There’s no consensus about what was behind the violence at the Disco Demolition Night at the Chicago White Sox field in 1979. Were the thousands of people—mostly White—who stormed the field after reveling in the fiery destruction of disco records expressing naïve teenage excitement or homophobia and racism?
The War on Disco, which premieres on AMERICAN EXPERIENCE on October 30, explores that question, the cultural forces that gave rise to disco and the fierce backlash that emerged against a backdrop of race, culture and socioeconomic hardship.
The immensely popular, catchy dance music, which originated in Black and gay urban nightclubs, topped the charts in the 1970s. As the craze saturated the culture, detractors pushed back, ridiculing disco’s kitschy emphasis on glamor and lack of musical gravitas. A key player was Chicago DJ Steve Dahl, who had lost his job when his rock radio station changed to an all-disco format.
The Disco Demolition, one of Dahl’s many publicity stunts, took the protest to another level.
“It was one of those events that was an early skirmish in the now-familiar ‘culture wars,’ even if we weren’t calling it that at the time,” said Cameo George, executive producer of AMERICAN EXPERIENCE. “What seemed like a simple grudge between those who loved disco and those who loved rock was in many ways a larger, more pointed response to the rapid shift in cultural, demographic and economic patterns that were coming to a head in the 1970s and are still causing friction in America today.”
Historians, radio industry veterans and Chicago residents who went to the event have starkly opposing perspectives on that night. “Initially, the story of the Disco Demolition seemed clear-cut—that it was a very obviously racist, homophobic display right out in the open,” said Rushmore DeNooyer, who produced and wrote the film, along with Lisa Quijano Wolfinger, producer and director. “But that doesn’t explain the fact that the vast majority of people who were there had no idea that disco music had originated in Black and gay underground clubs. This story is more complex and nuanced than it might seem.”

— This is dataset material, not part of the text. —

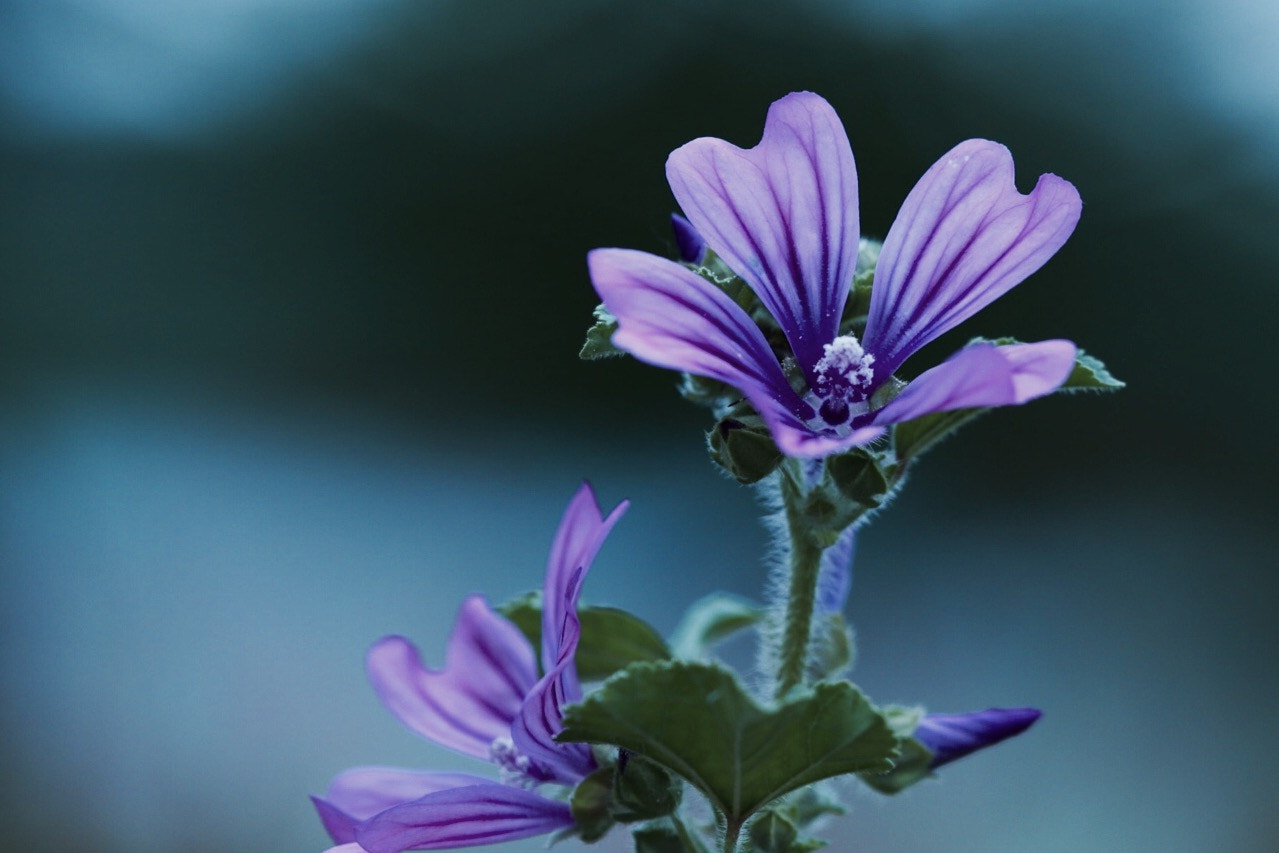 Canon EF 180mm F3.5L Macro USM sample photo. Purple photography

Several historians interviewed in the film point out that the social movements that emerged in the 1960s raised, but did not resolve, very tough questions about race, sexuality and women’s rights. By the 1970s, those simmering issues were boiling over.
“Serious television documentaries haven't explored the seventies and eighties as deeply as other periods in American history,” said DeNooyer. “Pop culture sometimes gets dismissed as not worthy of deep thought or analysis, but I think it can reveal a lot.”
Reflecting on that period can “help explain how we got where we are,” said Jefferson Cowie, professor of American History at Vanderbilt University. “The 1970s are the foundation of our own time. We’re still battling over these same questions.”
DeNooyer hopes viewers have the same experience he had as he created the film. “I learned a lot about things that I thought I understood.”